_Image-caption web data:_
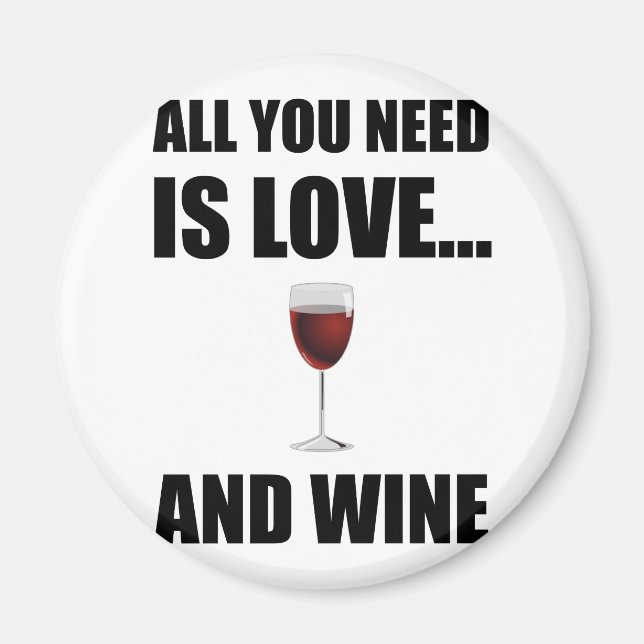 Liebe Wein Magnet (Vorne)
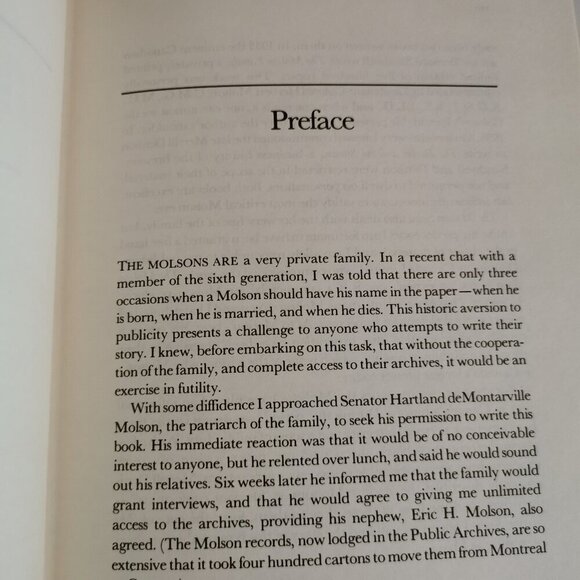 1983 The Molson Saga Book Canadian Family Dynasty Shirley Woods Jr Brewery Beer - Picture 14 of 15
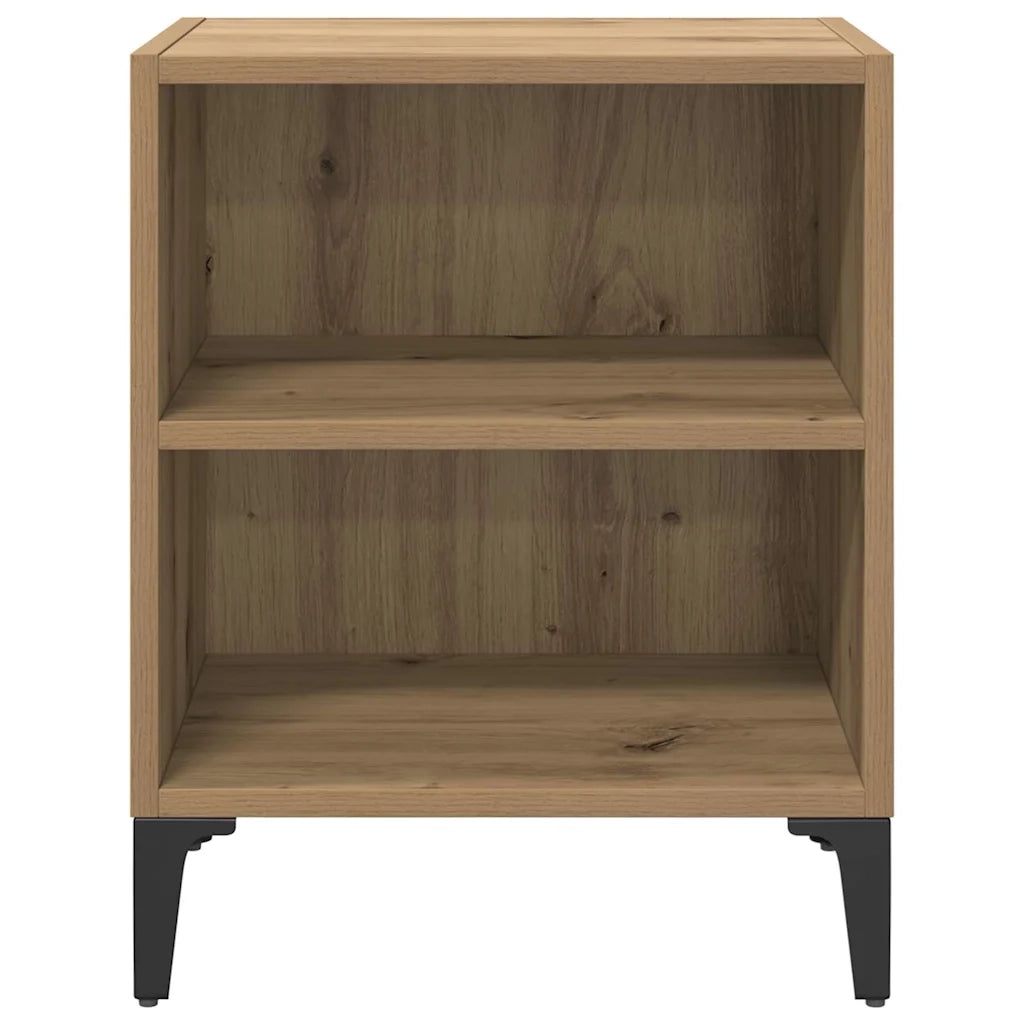 Set di 2 Comodini | Armadio da Notte | Mobiletto da notte Rovere artigianale 40 x 30 x 50 cm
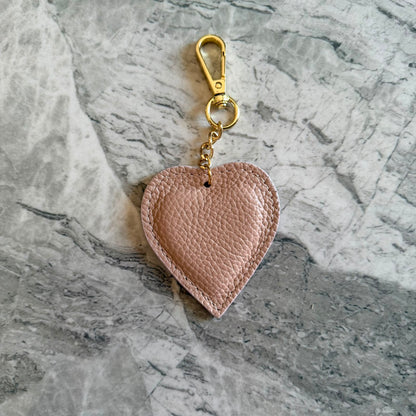 Charm Cuore in Vera Pelle – Made in Italy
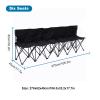 WEIDPHL Portable 4/6 Seat Foldable Team Sports Sideline Bench, Collapsible Soccer Bench, Portable Bench Seats, Folding Seating with Storage Bag for Football Fishing Camping,6 seat view 3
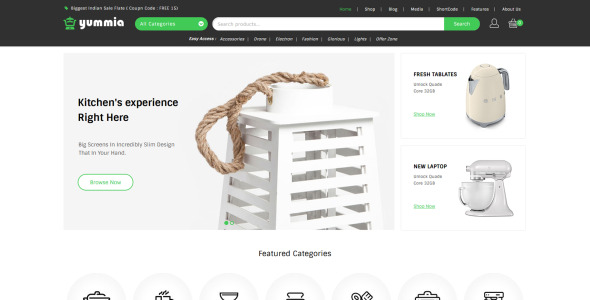 кухня многоцелевая тема woocommerce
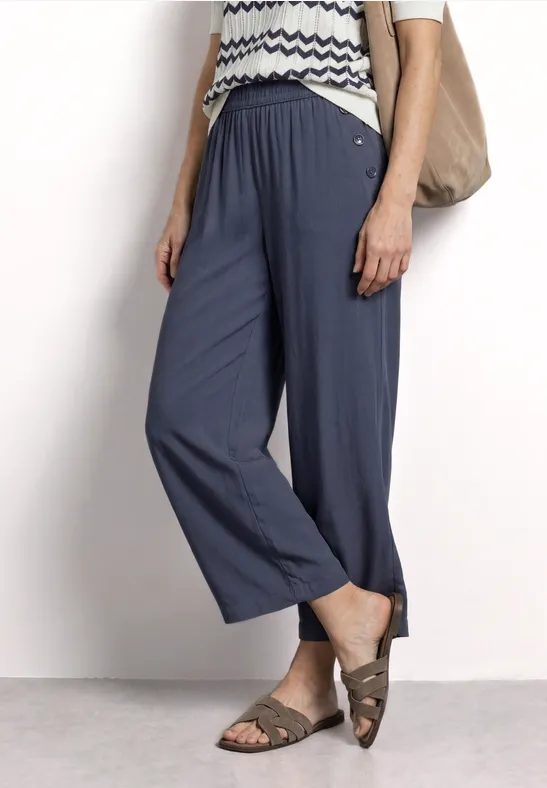 High Waist Wide Leg Hose im Loose Fit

_Task to complete:_
Retype exactly the lines from the one containing "1983 The Molson" through the last line of the records above, both included, and leave out any pictures.

_Response to this exercise:_
 1983 The Molson Saga Book Canadian Family Dynasty Shirley Woods Jr Brewery Beer - Picture 14 of 15
 Set di 2 Comodini | Armadio da Notte | Mobiletto da notte Rovere artigianale 40 x 30 x 50 cm
 Charm Cuore in Vera Pelle – Made in Italy
 WEIDPHL Portable 4/6 Seat Foldable Team Sports Sideline Bench, Collapsible Soccer Bench, Portable Bench Seats, Folding Seating with Storage Bag for Football Fishing Camping,6 seat view 3
 кухня многоцелевая тема woocommerce
 High Waist Wide Leg Hose im Loose Fit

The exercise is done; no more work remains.